What is the ideal banking angle for a gentle turn of \(1.20{\rm{ km}}\) radius on a highway with a \(105{\rm{ km}}/{\rm{h}}\) speed limit (about \(65{\rm{ mi}}/{\rm{h}}\)), assuming everyone travels at the limit?

To supply the centre gravity force required for a vehicle to perform a safe turn, the outside edge of curved roadways is raised above the inner edge. This is referred to as road banking.

For a gentle turn, the optimal banking angle is

\(\theta = {\tan ^{ - 1}}\left( {\frac{{{v^2}}}{{Rg}}} \right)\)

where \(v\) is the vehicle's velocity, \(R\) is the radius of the curved turn, and \(g\) is the acceleration due to gravity.

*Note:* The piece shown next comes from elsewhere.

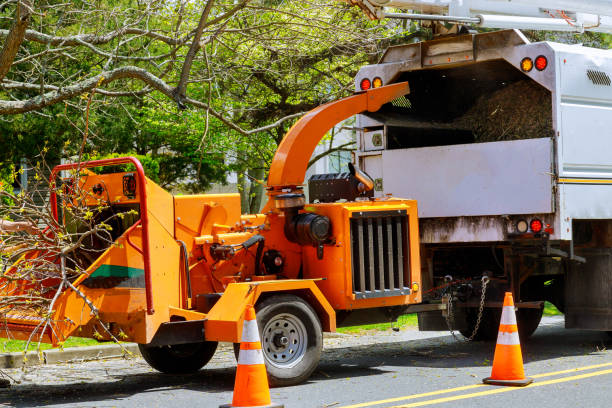 Best Tree Preservation Services  in Lynden, WA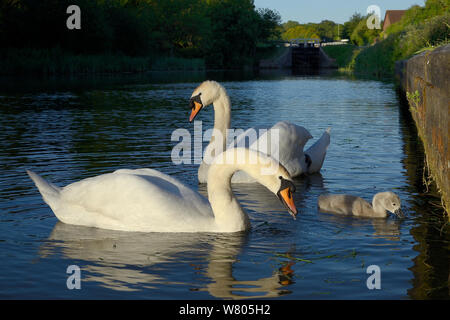 Cigno coppia (Cygnus olor) con un giovane cygnet rovistando, Kennet and Avon canal, Caen Hill, Devizes, Wiltshire, Regno Unito, Giugno. Foto Stock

Substitute \(105{\rm{ km}}/{\rm{h}}\) for \(v\), \(1.20{\rm{ km}}\) for \(R\), and \(9.8{\rm{ m}}/{{\rm{s}}^2}\) for \(g\),

\(\begin{aligned}{c}\theta = {\tan ^{ - 1}}\left[ {\frac{{{{\left( {105{\rm{ km}}/{\rm{h}}} \right)}^2}}}{{\left( {1.20{\rm{ km}}} \right) \times \left( {9.8{\rm{ m}}/{{\rm{s}}^2}} \right)}}} \right]\\ = {\tan ^{ - 1}}\left[ {\frac{{{{\left[ {\left( {105{\rm{ km}}/{\rm{h}}} \right) \times \left( {\frac{{{{10}^3}{\rm{ m}}}}{{1{\rm{ km}}}}} \right) \times \left( {\frac{{3600{\rm{ s}}}}{{1{\rm{ hr}}}}} \right)} \right]}^2}}}{{\left( {1.20{\rm{ km}}} \right) \times \left( {\frac{{{{10}^3}{\rm{ m}}}}{{1{\rm{ km}}}}} \right) \times \left( {9.8{\rm{ m}}/{{\rm{s}}^2}} \right)}}} \right]\\ = 4.14^\circ \end{aligned}\)

As a result, the ideal working angle for gentle rotation is \(4.14^\circ \).